Aslında bütün bu gelişmeler, yüzyıllar önce peygamberler tarafından ‘mucize’ler olarak atılan ‘ilerleme tohumları’nın, insanlıkça ‘yeşertilme çabası’ndan başka bir şey değildi. İnsanlığın asırlardır bilgi birikimiyle kaydettiği bu gelişmeler, hep bu peygamberî tohumların (mucizelerin) açılımına hizmet oldu.

Nasıl mı?

 

Kur’ân’da zikredilen peygamber mucizeleri

Kur’ân, peygamberleri insanlara manevi sahada rehber kıldığı gibi, maddi sahada da önder ve üstat kılmıştır. Peygamberlerin manevi kemalâtından bahsetmekle insanları onlardan istifadeye teşvik ettiği gibi, ‘mucizeler’inden bahsetmekle de onların benzerlerine yetişmeye ve taklitlerini yapmaya cesaretlendirmiştir.1 Hatta Bediüzzaman Said Nursi Hazretleri, Kur’ân’ın, peygamber mucizelerini zikretmekle, insanlığın bilim ve teknoloji sahasında ulaşacağı son noktayı tayin ettiğini, gidilebilecek en ileri noktalara parmak bastığını, en ileri hedefleri belirlediğini, böylelikle insanlığı o noktalara ulaşmaya teşvik ettiğini söylemektedir.2

Dolayısıyla günümüz bilim ve teknoloji sahasında yaşanan gelişmeleri de, hep bu Kur’ân’da zikredilen peygamber mucizelerinin işaretleri kapsamında değerlendirmek mümkündür.

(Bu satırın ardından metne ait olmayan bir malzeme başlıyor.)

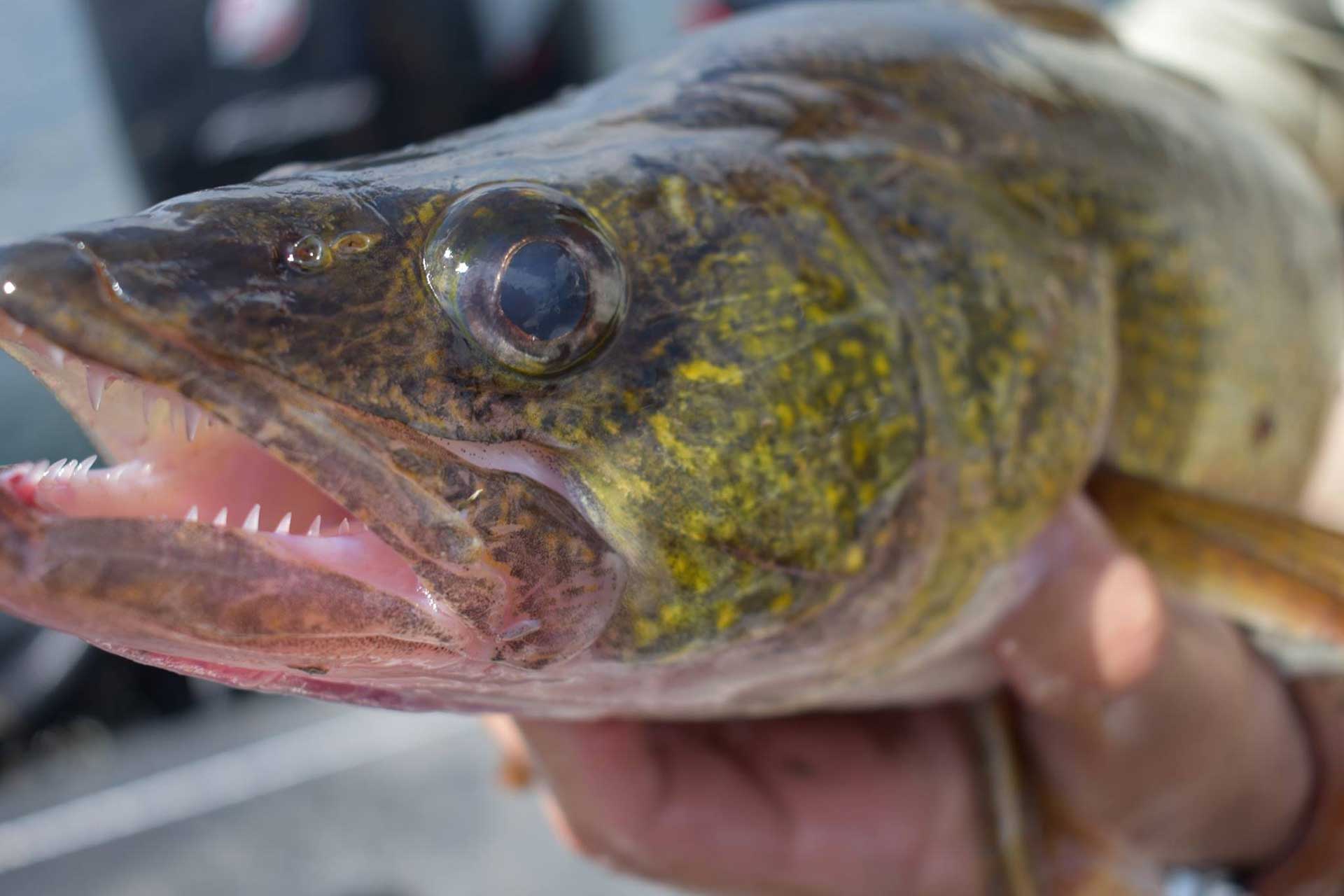 Walleye & Muskie Fishing Charter and Guide Services - Green Bay Outfitters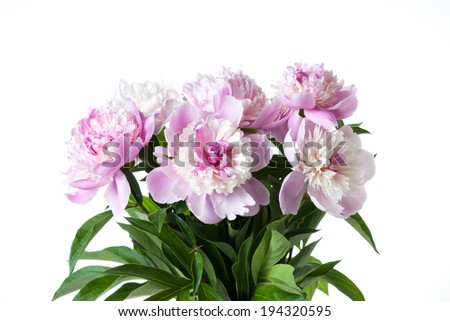 peonies, white pink flowers on white background, closeup spring, summer flowers, bouquet of peonies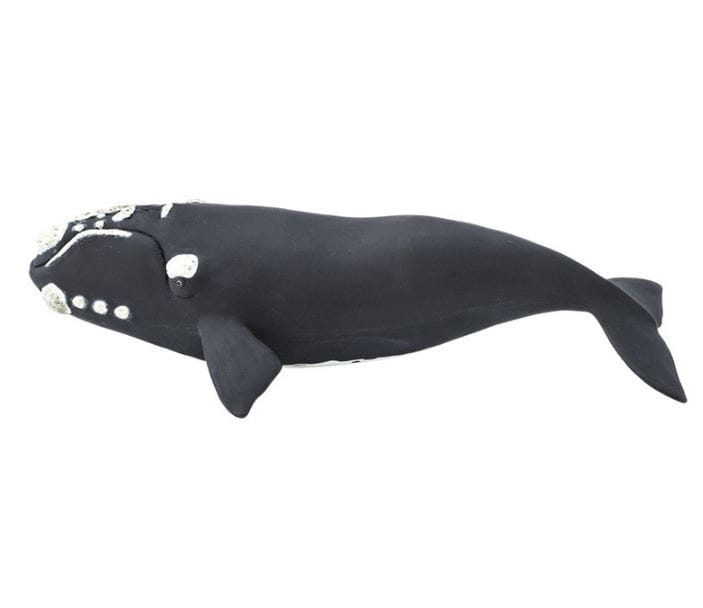 Фигурка SAFARI Южный гладкий кит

Şimdi gelelim bunun güncel birkaç örneğine. Aslında örnekler çoğaltılabilir. Fakat biz bu yazımızda örnek olması ve ufuk açması bakımından sadece birkaç misâlle yetineceğiz.

 

Işınlama ve Hz. Süleyman (as)

Geçenlerde medyada Avrupa Nükleer Araştırma Merkezi’ndeki (CERN) deneyle, atom parçacıklarının Büyük Hadron Çarpıştırıcısı’nda rekor bir enerjiyle çarpıştırıldığı ve bu büyük deneyle kâinatın kimi sırlarının açığa çıkarılabileceğinin ümit edildiği haberi yer aldı.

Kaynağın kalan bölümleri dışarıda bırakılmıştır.